I’ve been attending a men’s Bible study which focuses on spiritual leadership in the home. It’s mostly a gathering of homeschool dad’s. The point of the meetings is to encourage us to take a serious look at what type of husbands and fathers we really are and to take an inventory of where our wives and children are at regarding their relationship with Christ, and it’s been an edifying experience. When writing to the Corinthian church, Paul encourages the Christian to:
2 Corinthians 13:5-8
Examine yourselves, to see whether you are in the faith. Test yourselves. Or do you not realize this about yourselves, that Jesus Christ is in you? —unless indeed you fail to meet the test! I hope you will find out that we have not failed the test. But we pray to God that you may not do wrong—not that we may appear to have met the test, but that you may do what is right, though we may seem to have failed.
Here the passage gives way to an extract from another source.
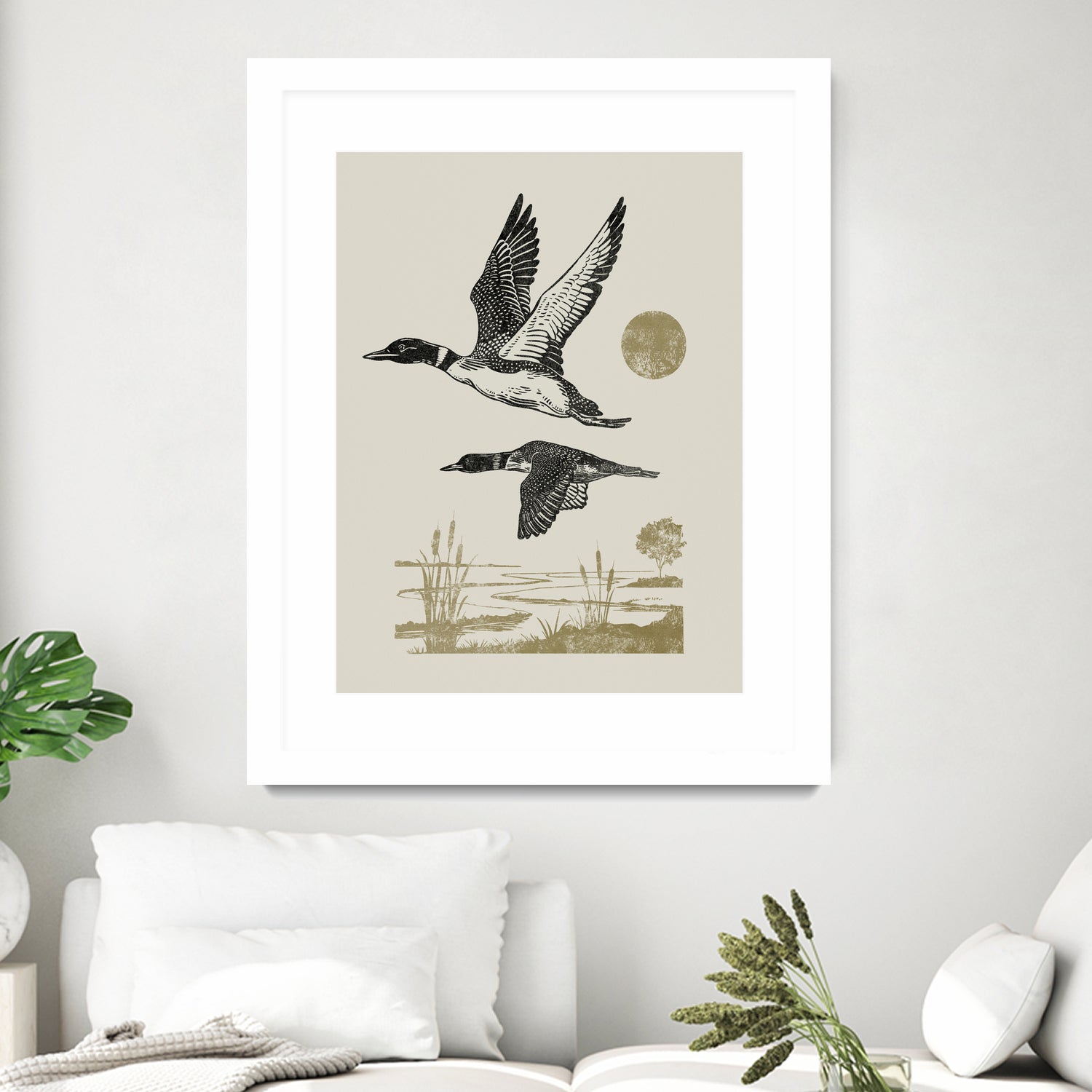 Lake Meditation ll by Victoria Barnes on GIANT ART - animals nature birds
For we cannot do anything against the truth, but only for the truth.
It’s always good to take inventory. It’s always important to know where one is spiritually, relationally, character wise, the list goes on and on. (I encourage you to do the same, and be honest with yourself. Or, what’s the point, right?)
During the meeting we were discussing the mystery that is the woman (I’m sure women say the same about us men), and how important it is to get to know our spouse. The host of the gathering referenced from “Discovering the Mind of a Woman: The Key to Becoming a Strong and Irresistible Husband” by Ken Nair. I have not read the book, but it sounds worthwhile and the host highly recommended it. What the host referenced is that according to the book, one of the top excuses we men make for dropping the ball in our roles as husbands is that we chalk up our failures to the excuse that woman are a mystery, so, we are with excuse. It was at this moment that Romans 1 exploded in my head. We are soooo good at making excuses, aren’t we? I mean let’s be honest. If we ignore the Creator of the universe and who He is, even though it’s obvious He is there and His “invisible attributes, namely, his eternal power and divine nature, have been clearly perceived, ever since the creation of the world, in the things that have been made,” well certainly this “mystery” we use as an excuse for our short comings as husbands is… bogus.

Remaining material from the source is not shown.